Arm Allows Custom Instructions

October 23, 2019

We’re surrounded by ARM processors, which enjoy a commanding foothold in the consumer market, especially with portable electronics. However, Arm Holdings has never focused its business model on manufacturing chips, instead licensing its CPUs to others who make the physical devices. There is a bit of a tightrope to walk, though, because vendors want to differentiate themselves while Arm wants to keep products as similar as possible to allow for portability and reuse of things like libraries and toolchains. So it was a little surprising when Arm announced recently that for the first time, they would allow vendors to develop custom instructions. At least on the Armv8-M architecture.

We imagine designs like RISC-V are encroaching on Arm’s market share and this is a response to that. Although it is big news, it isn’t necessarily as big as you might think since Arm has allowed other means to do similar things via special coprocessor instructions and memory-mapped accelerators. If you are willing to put in some contact information, they have a full white paper available with a pretty sparse example. The example shows a population count function hand-optimized into 12 Arm instructions. Then it shows a single custom instruction that would do the same job. However, they don’t show the implementation nor do they offer any timing data about speed increases.

Population count — determining how many 1s are in a word — is a good example of where this technique might pay off. You have a small piece of data you can process in a couple of cycles. For many other cases, though, the memory-mapped or coprocessor techniques will still be more appropriate. With a coprocessor or accelerator, you can have a separate piece doing something in parallel to the main CPU.

The custom instructions integrate with the normal Arm pipeline. There are only certain instruction formats you can use and your code gets the same interface as the ALU. That means it can process data, but probably can’t easily do anything to manipulate the processor’s execution.

What’s it good for? Typically, a custom instruction will perform some algorithmic step faster than it can be done using normal instructions. However, since you need to have the license for the Arm core, we aren’t likely to see end users adding instructions (please, prove us wrong). But a chip you buy from a manufacturer who make Arm chips could add some instructions like “validate IP address.”

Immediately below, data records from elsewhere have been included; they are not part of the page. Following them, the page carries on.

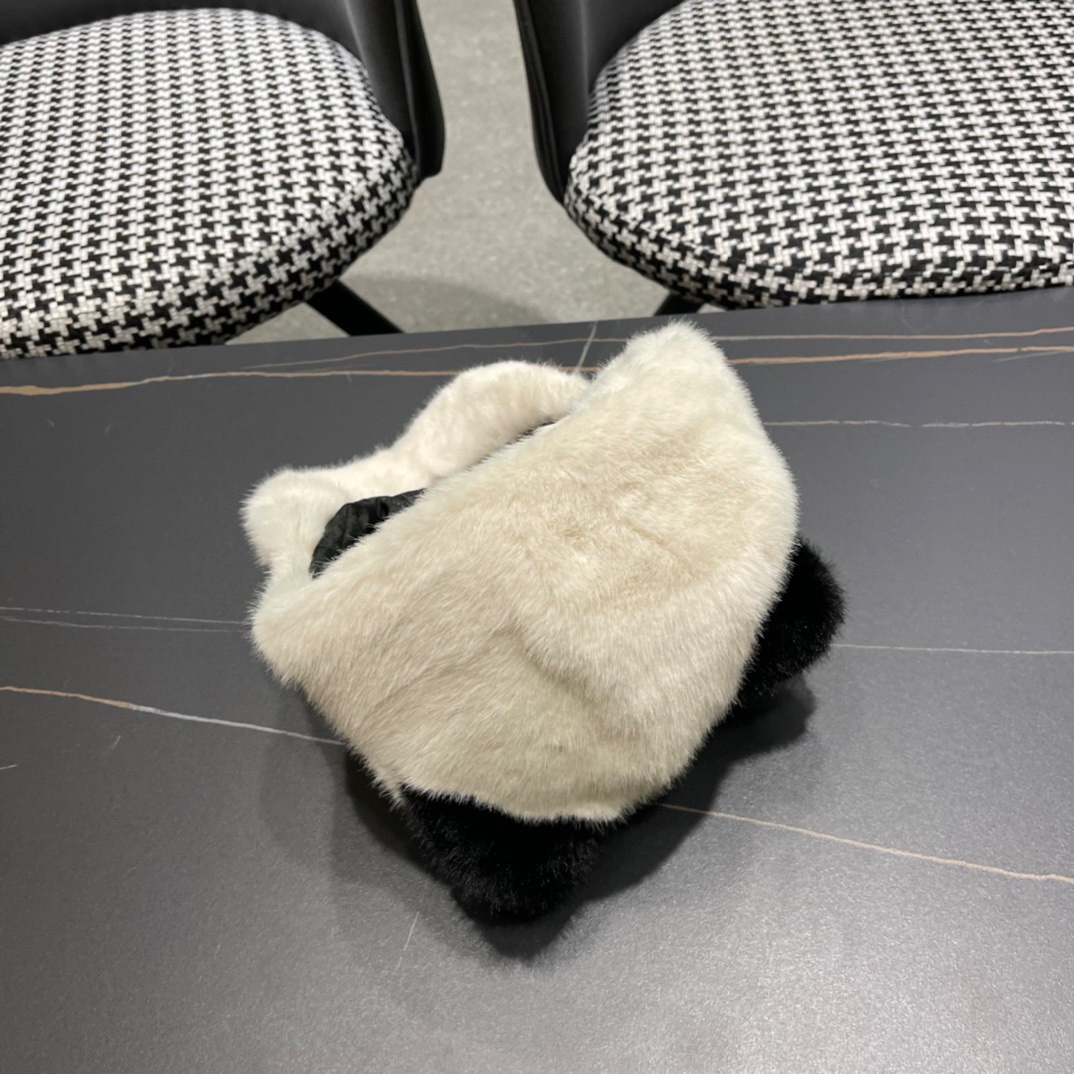 MONCLER蒙口帽子女冬季新款耳朵帽皮草加厚保暖鸭舌帽休闲逛街百搭棒球帽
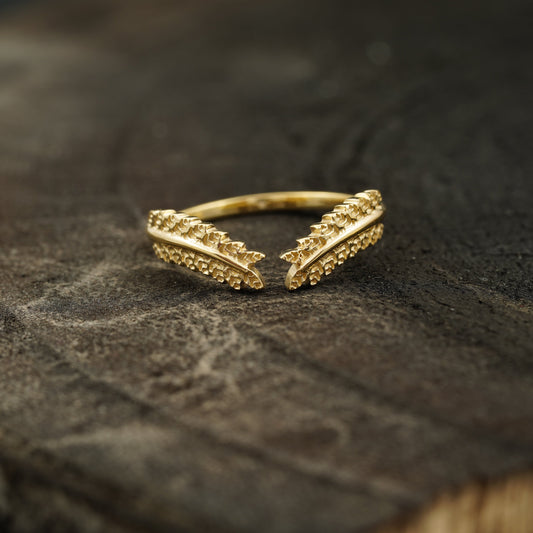 Vintage Leaf Open Wedding Band – Elegant Nature Ring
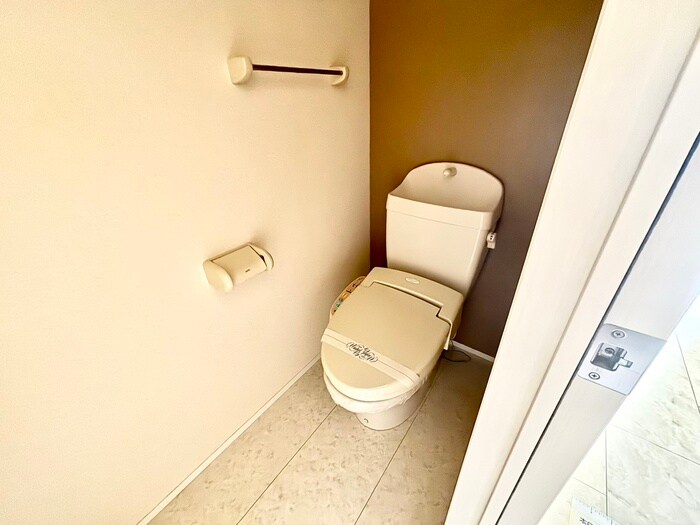 物件内観写真17　(トイレ)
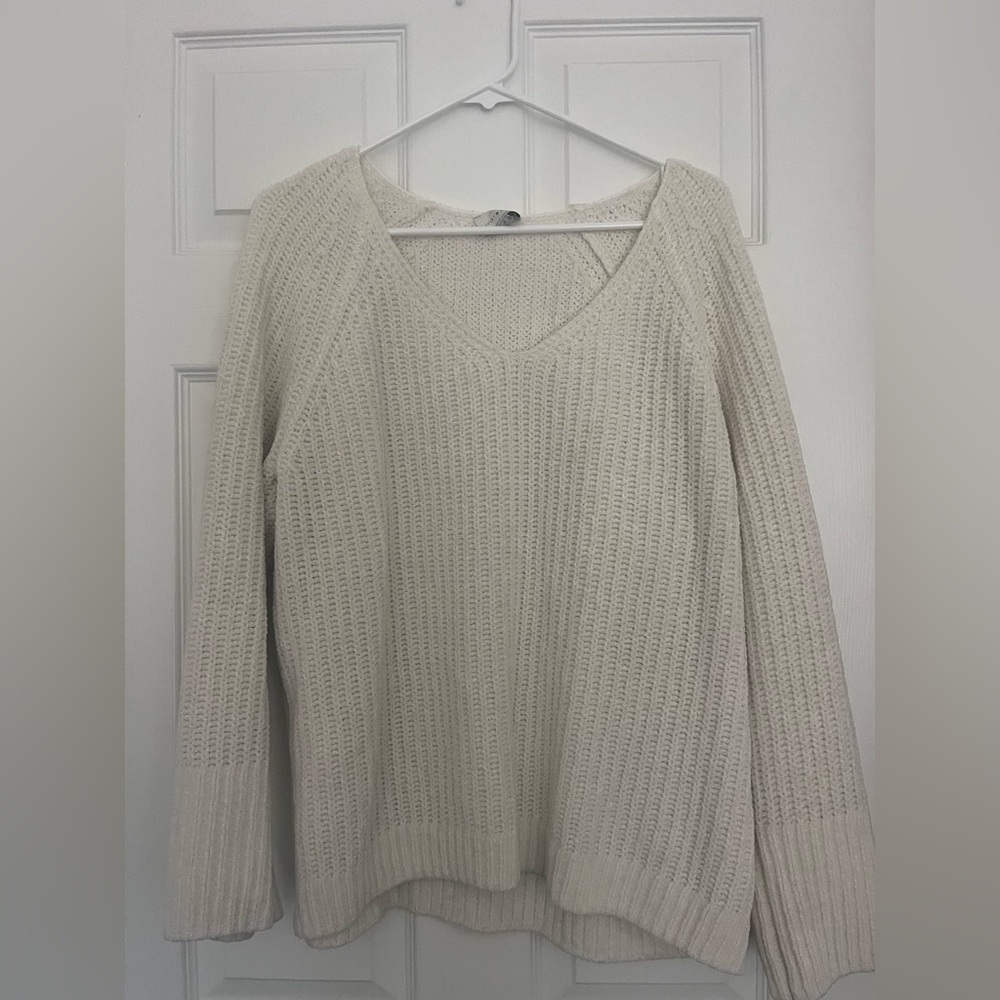 Lucky Brand Women's V-Neck Cream Sweater Size L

The question is, would you use these instructions in the code you write? Doing so would probably lock your software to a specific processor family. That is, Microchip is unlikely to support ST’s custom instructions and vice versa. That’s good for the vendors, but not so good for developers, or for Arm. That seems to us to be the challenge. New instructions will need to be compelling and fast. A developer won’t likely limit their silicon choices just to do something silly in a single instruction on occasion. The vast majority of the time you’d use a C library and you won’t care how many instructions the operation uses.

To get any traction, vendors will need to find an irresistible need, and a custom instruction cabale of satisfying that need faster than any other ways of doing it. In addition, it needs to be a problem where the timing matters.

Of course, sometimes doing something like a population count can benefit more from a smarter algorithm. Arm, in particular, is very good at doing shifting.

31 thoughts on “Arm Allows Custom Instructions”

Eugene Nine says:

October 23, 2019 at 10:05 am

/me adds ‘halt and catch fire’ instrunction

Report comment

Reply
1. ERIC S CHAPIN says:
  
  October 23, 2019 at 2:36 pm
  
  for (int i = 0; i <= 255; i++) {
  i = 0;
  }
  
  It seems to be in there already, and could be done in almost any computer language.
  
  Report comment
  
  Reply
2. starhawk says:
  
  October 23, 2019 at 3:36 pm
  
  Dammit, I had the same thought! Something that just simply ties the power rails together in a dead short near some otherwise-critical part of the chip. Call it, er, a “security feature” :P
  
  # HCF
  
  *BANG!* …out comes the magic smoke…
  
  Report comment
  
  Reply
Pat says:

October 23, 2019 at 10:27 am

“The question is, would you use these instructions in the code you write?”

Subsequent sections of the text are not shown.